_Task goal:_
Retype exactly the lines from the one that contains "28-Inch Velvet Burgundy" through the end of the listing, both included, but not the pictures.

_Listed records:_
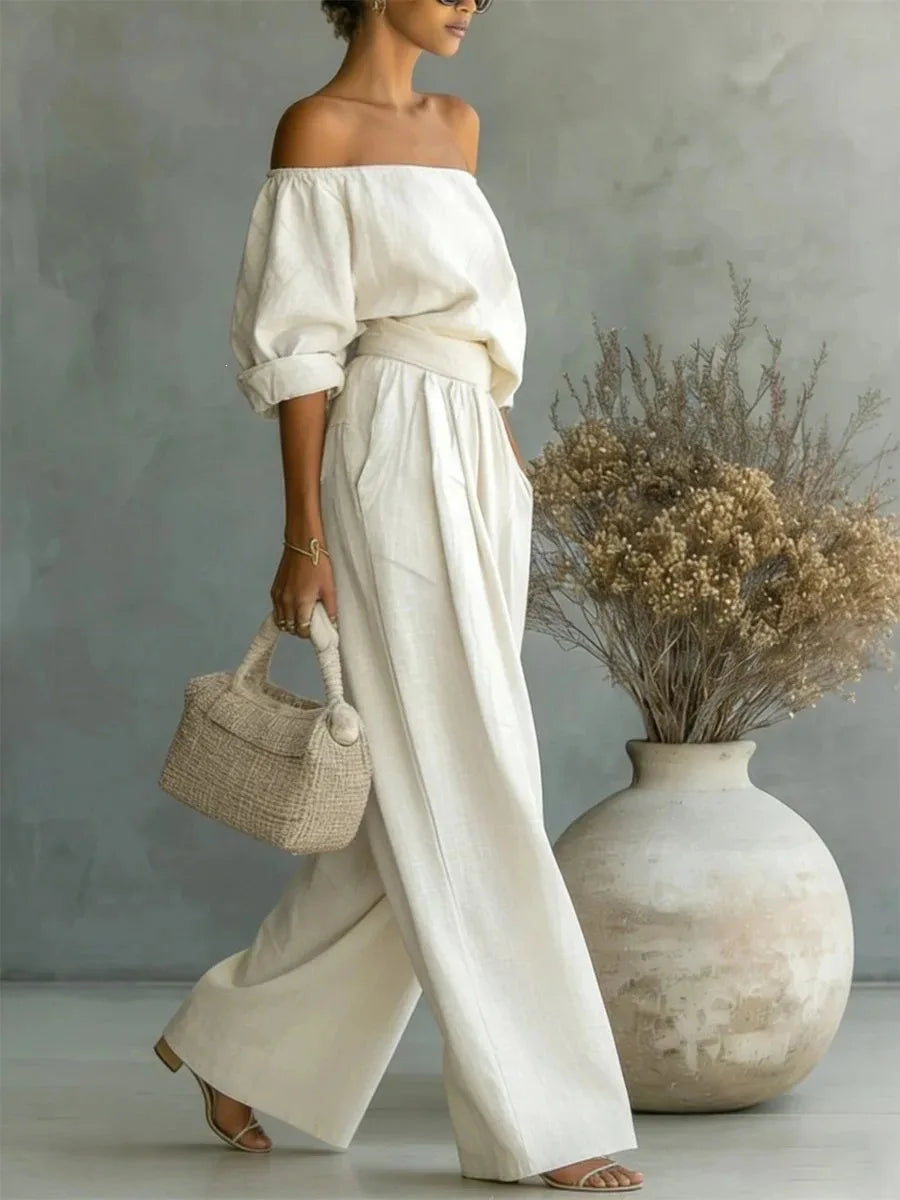 Conjunto casual de 2 piezas para mujer, nueva colección 2026, con top de hombros descubiertos y pantalón de pierna ancha. Conjunto largo y elegante, ideal para looks de verano, vacaciones y ocasiones especiales.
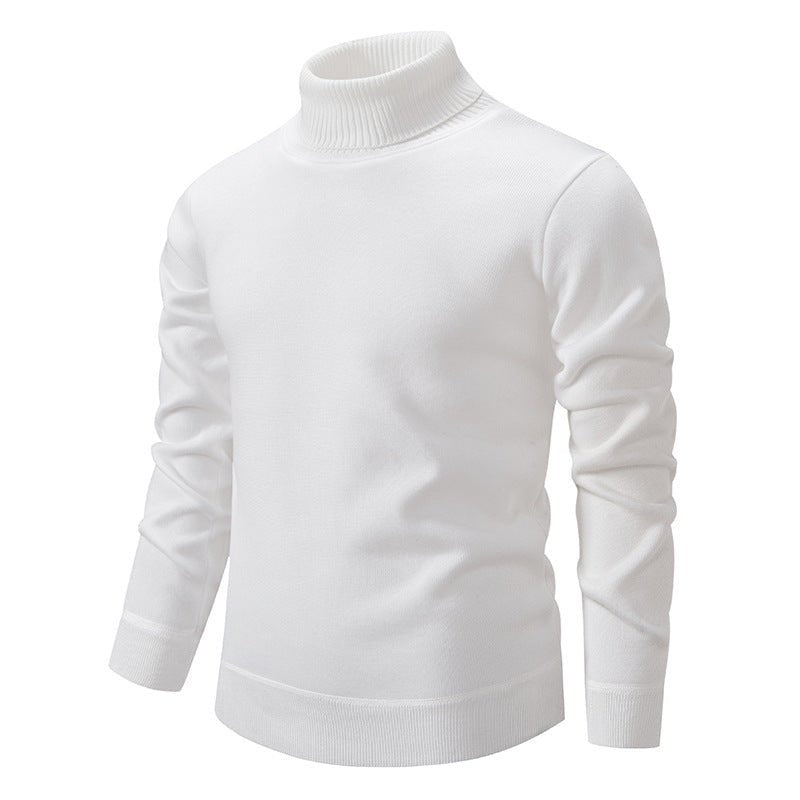 Men's Turtleneck Pullover Sweater Fashion Solid Color Fleece Lined Knitted Long-sleeved Top Clothing - TRYSHOPPY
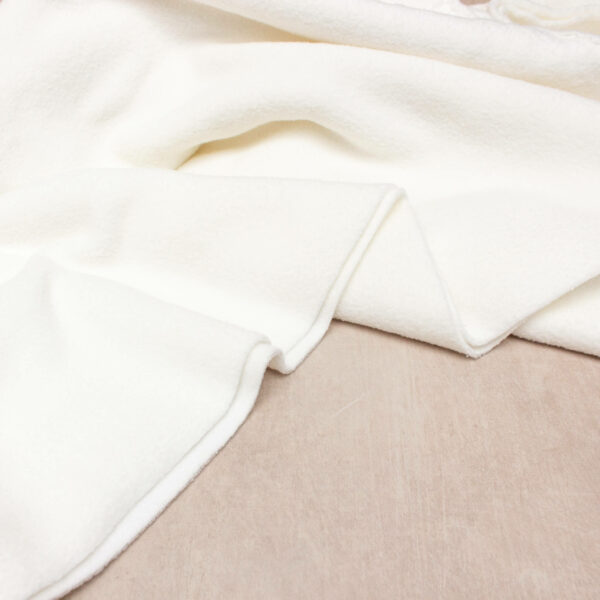 Cotton Sherpa Fleece Fabric in Ecru White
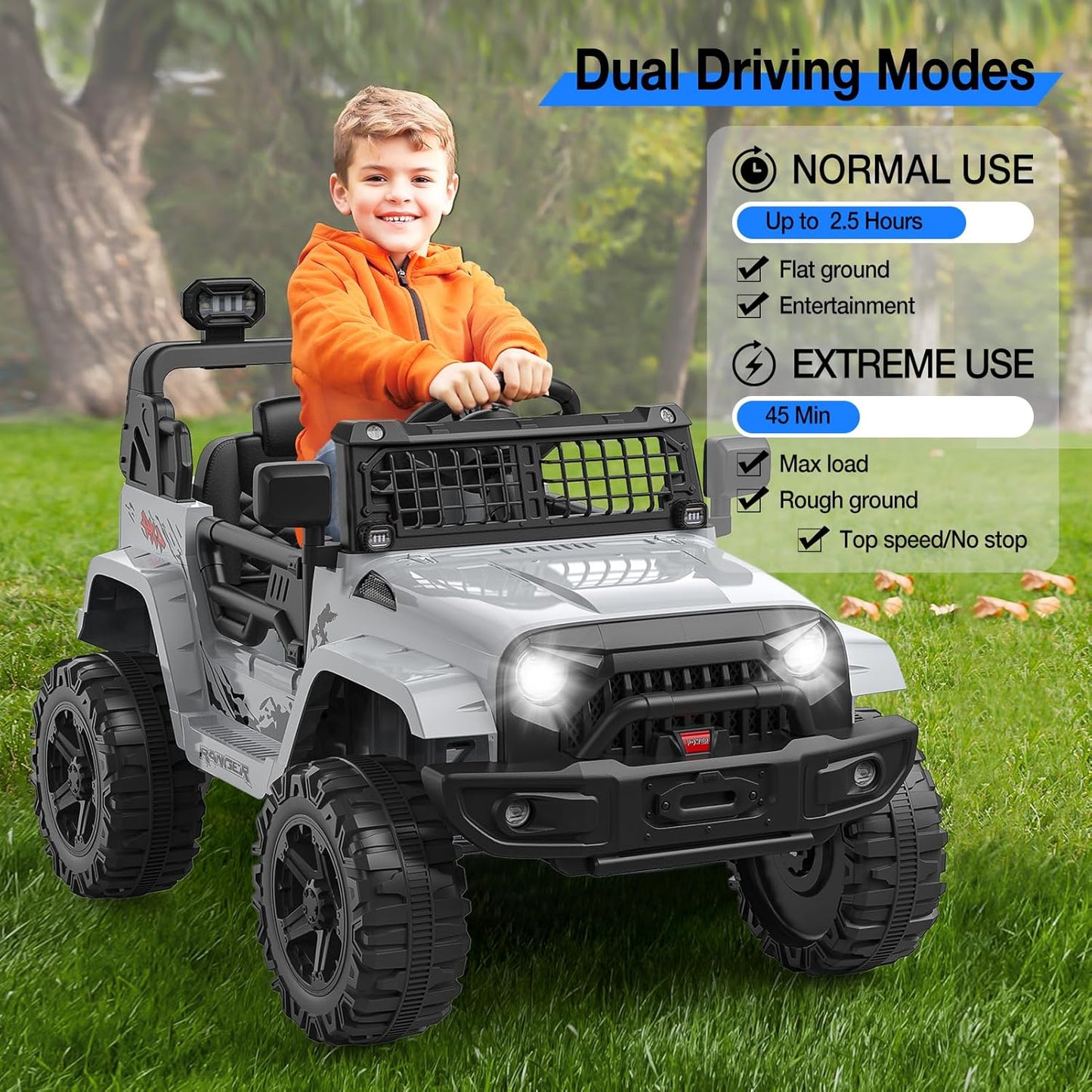 12V Kids Electric Ride On Truck Car w/Parent Remote Control, Spring Suspension, LED Lights & AUX Port | Outdoor Ride Toy for Boys Girls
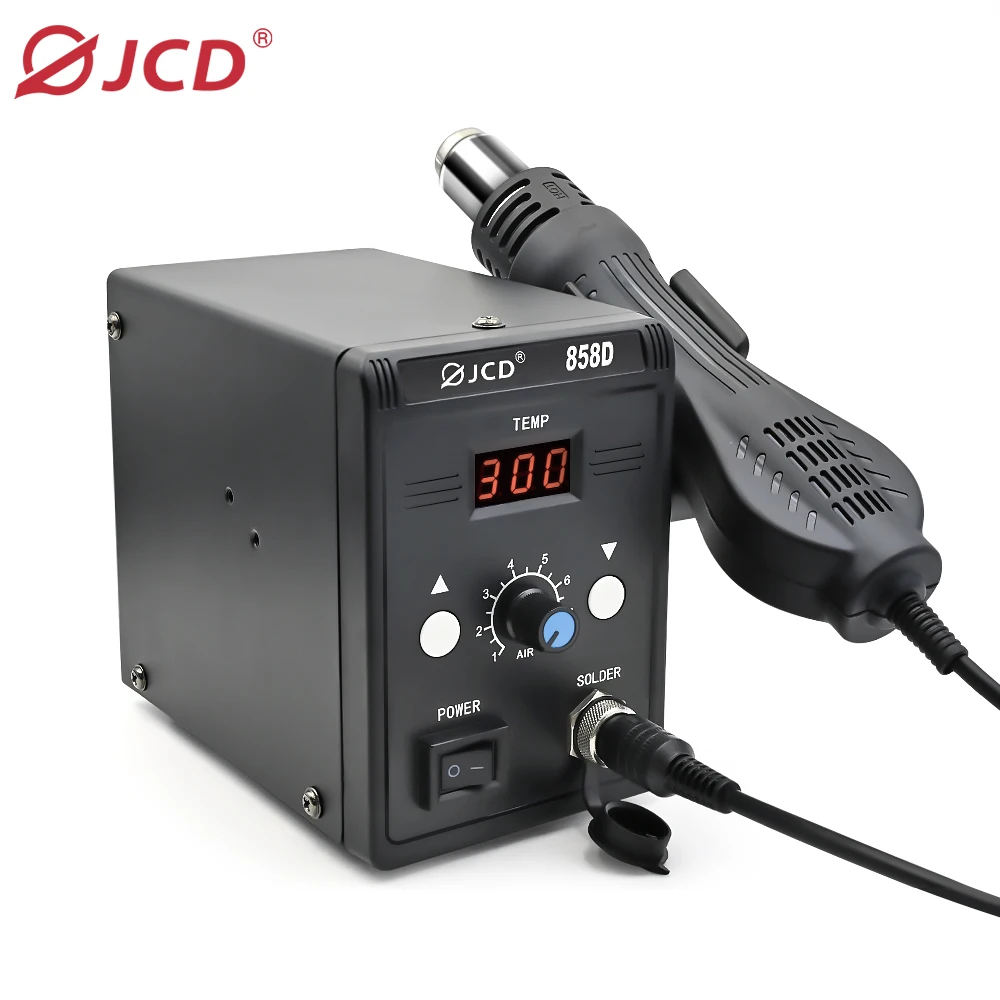 JCD 858D-B Soldering Station Rework Station Hot Air Gun Welding Repair Soldering Iron Tools 2 in 1 LED Digital Station 700W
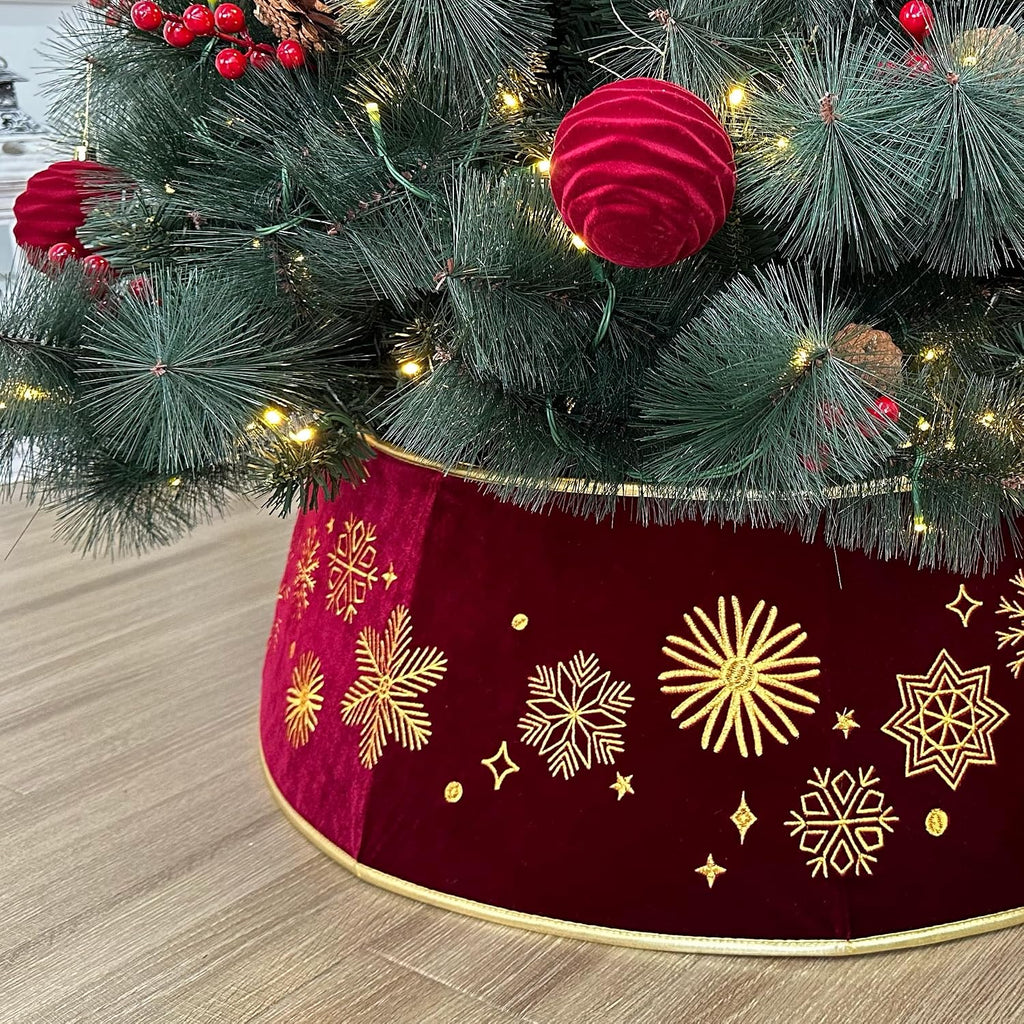 28-Inch Velvet Burgundy Christmas Tree Collar with Embroidered Snowflakes, Foldable Tree Ring Base Cover for 5-7 ft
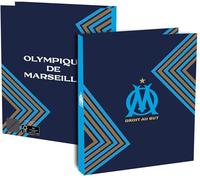 Classeur A4 OM - Collection officielle OLYMPIQUE DE MARSEILLE - football Ligue 1 - Cartonné - Epaisseur 4 cm 4 anneaux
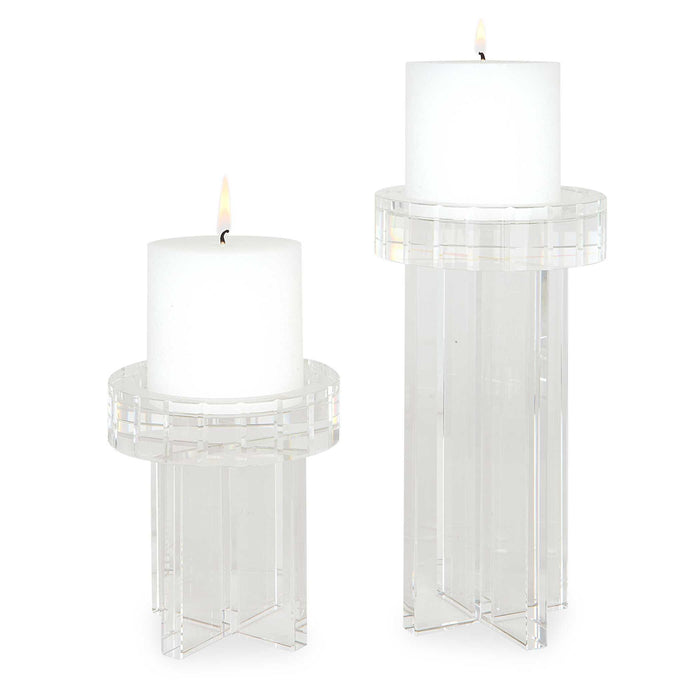 Crystal - Pillar Candleholders (Set of 2) - Silver
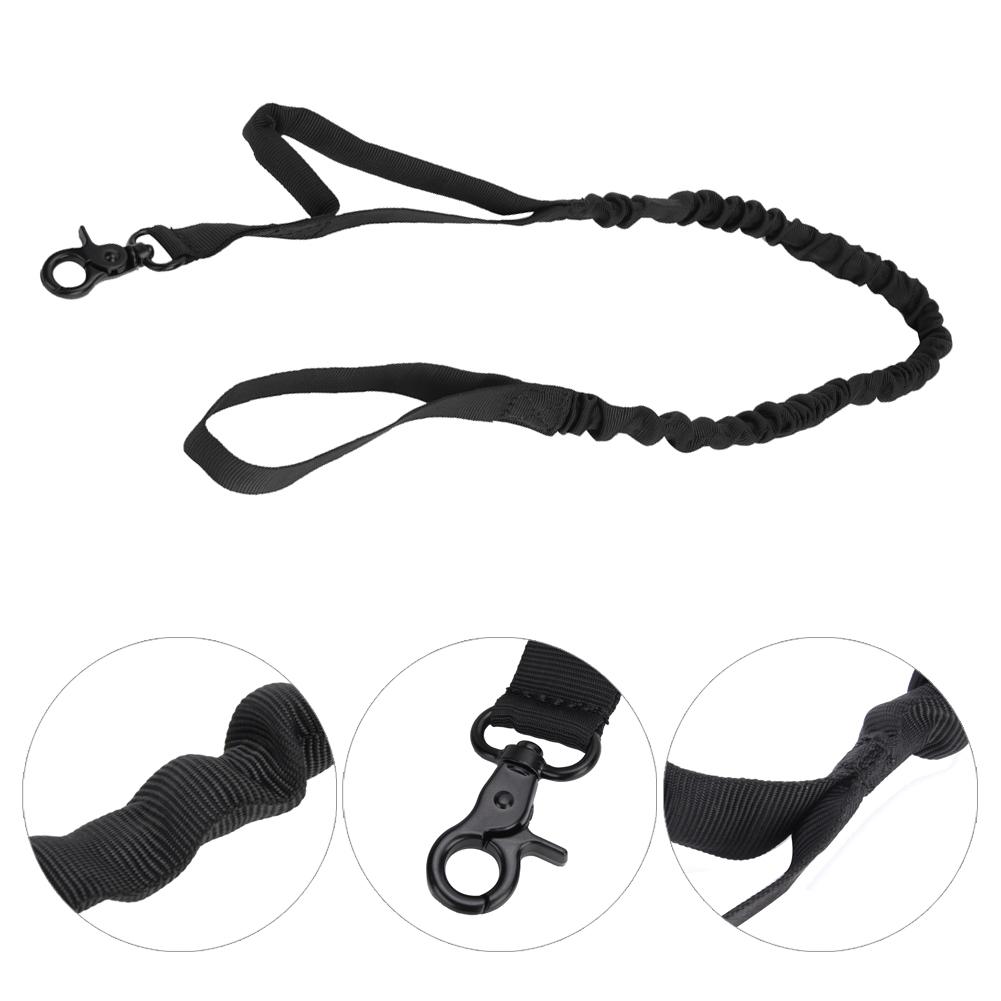 Taktyczny nylonowy treningowy elastyczny smycz dla psa do chodzenia, kempingu czarny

_Written solution:_
 28-Inch Velvet Burgundy Christmas Tree Collar with Embroidered Snowflakes, Foldable Tree Ring Base Cover for 5-7 ft
 Classeur A4 OM - Collection officielle OLYMPIQUE DE MARSEILLE - football Ligue 1 - Cartonné - Epaisseur 4 cm 4 anneaux
 Crystal - Pillar Candleholders (Set of 2) - Silver
 Taktyczny nylonowy treningowy elastyczny smycz dla psa do chodzenia, kempingu czarny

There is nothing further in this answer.